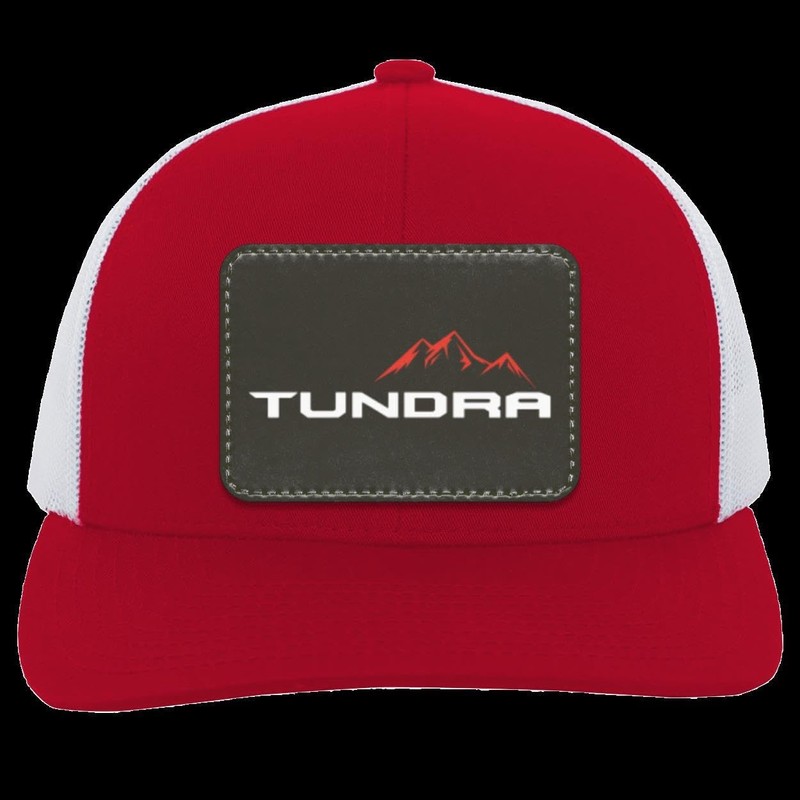 Tundra Trucker Snap Back Hat Graphite/Black/Rectangle
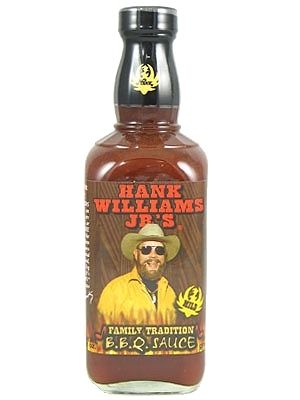 Hank Wiliiams Jr.'s Familientradition Milde Grillsauce, 16oz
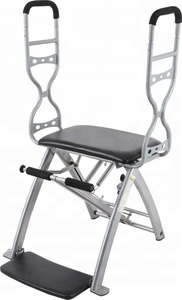 Equipo de Ejercicio para el Hogar <span class=keywords><strong>Malibu</strong></span> Wunda Combo, <span class=keywords><strong>Silla</strong></span> Reformer para Yoga, <span class=keywords><strong>Pilates</strong></span> y Estiramiento - Product Image 3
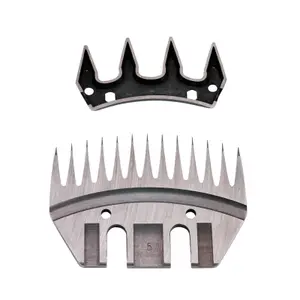 Juego de peines para segadoras de 4/13 dientes Kerbl Wellington image-1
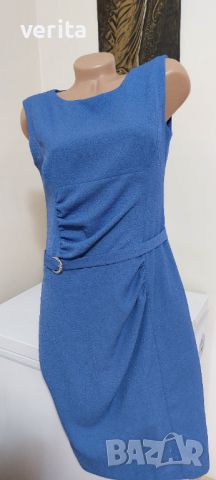 Синя рокля , снимка 3 - Рокли - 46393925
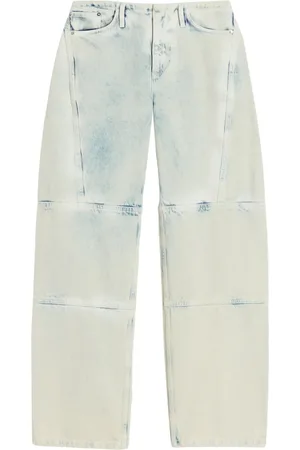 Apparis Patch-detailed jeans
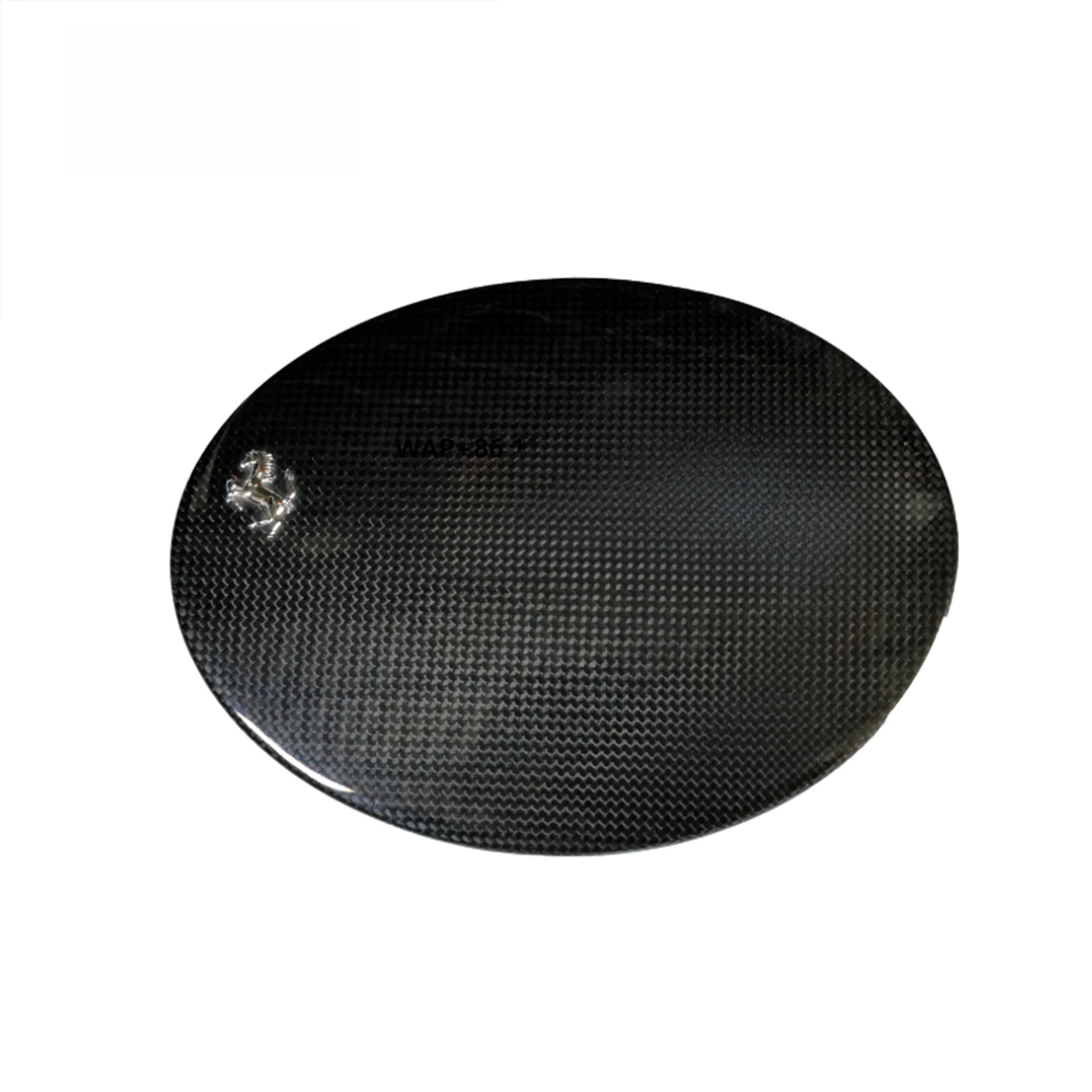 Genuine Original Parts Carbon Fiber Fuel Tank Filler Cap Cover for  California T Portofino Replacement 82748200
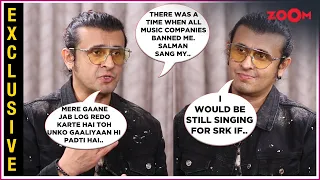 Sonu Nigam’s UNFILTERED interview on his song, getting banned from industry & remixes of his songs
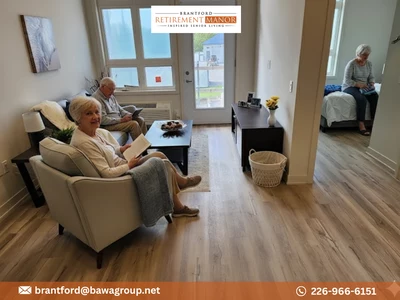 Two-Bedroom Retirement Suites | Brantford Retirement Manor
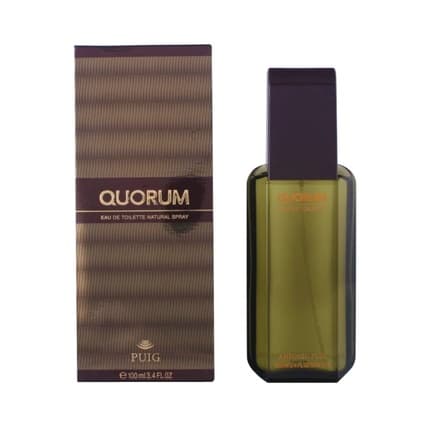 Antonio Puig Quorum Eau de Toilette (EDT) Homme 100ml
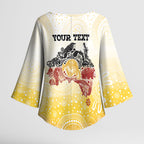 First Nations NAIDOC Week 2026 Personalized Kimono Sleeve Blouse Aussie Zodiacs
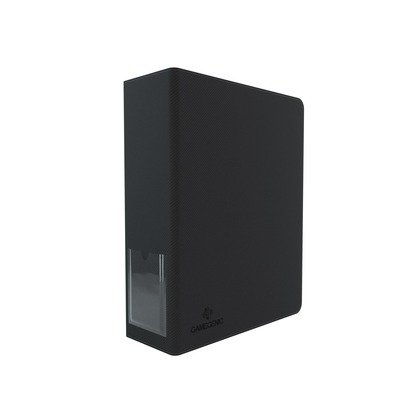 Gamegenic: Prime D-Ring-Binder - Black Gamegenic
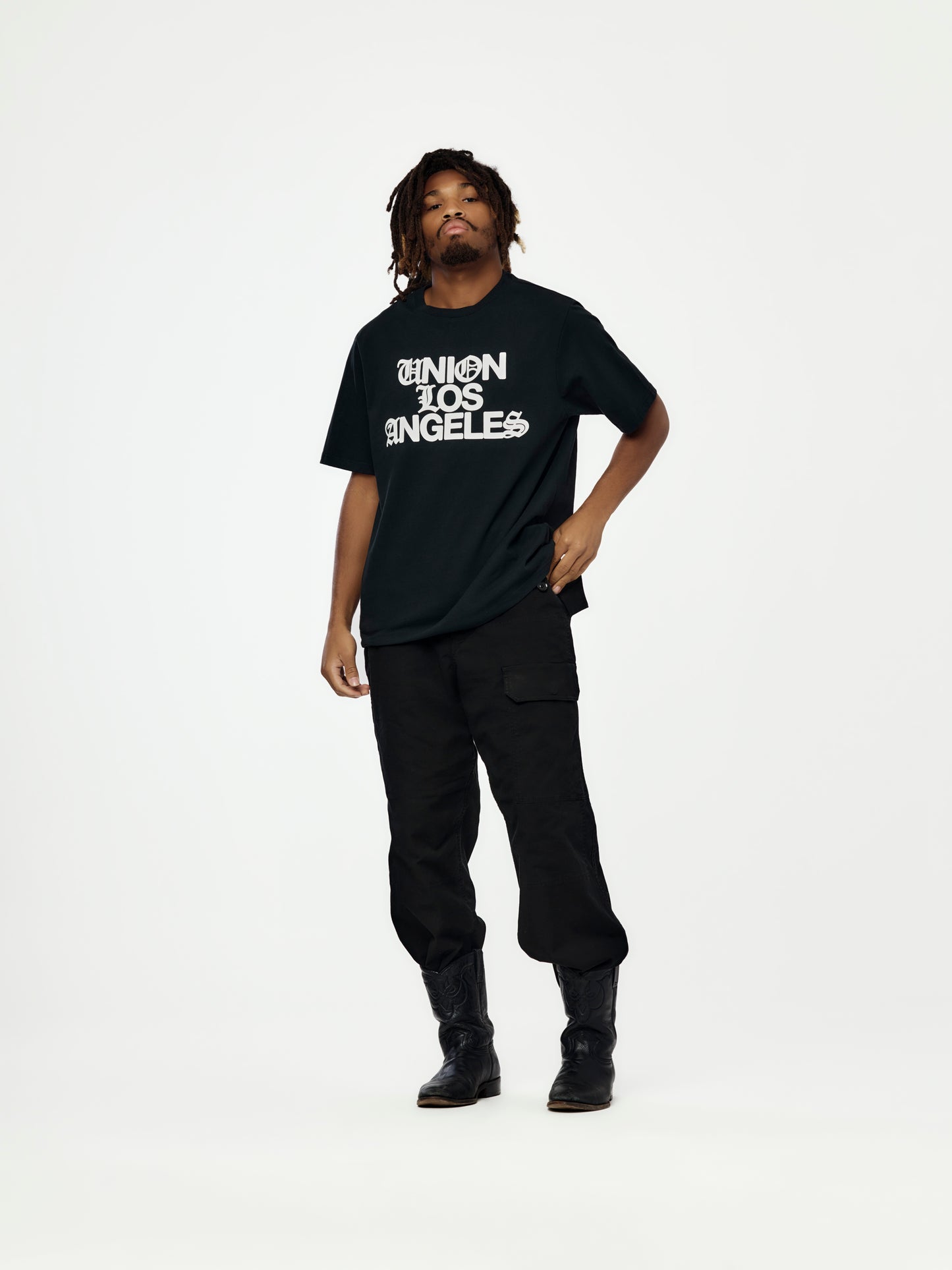 Sin Union Tee (True Black)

====

Each record must be quoted in full and exactly. Do not include the pictures.

### ANSWER
 Tundra Trucker Snap Back Hat Graphite/Black/Rectangle
 Hank Wiliiams Jr.'s Familientradition Milde Grillsauce, 16oz
 Equipo de Ejercicio para el Hogar <span class=keywords><strong>Malibu</strong></span> Wunda Combo, <span class=keywords><strong>Silla</strong></span> Reformer para Yoga, <span class=keywords><strong>Pilates</strong></span> y Estiramiento - Product Image 3
 Juego de peines para segadoras de 4/13 dientes Kerbl Wellington image-1
 Синя рокля , снимка 3 - Рокли - 46393925
 Apparis Patch-detailed jeans
 Genuine Original Parts Carbon Fiber Fuel Tank Filler Cap Cover for  California T Portofino Replacement 82748200
 Sonu Nigam’s UNFILTERED interview on his song, getting banned from industry & remixes of his songs
 Two-Bedroom Retirement Suites | Brantford Retirement Manor
 Antonio Puig Quorum Eau de Toilette (EDT) Homme 100ml
 First Nations NAIDOC Week 2026 Personalized Kimono Sleeve Blouse Aussie Zodiacs
 Gamegenic: Prime D-Ring-Binder - Black Gamegenic
 Sin Union Tee (True Black)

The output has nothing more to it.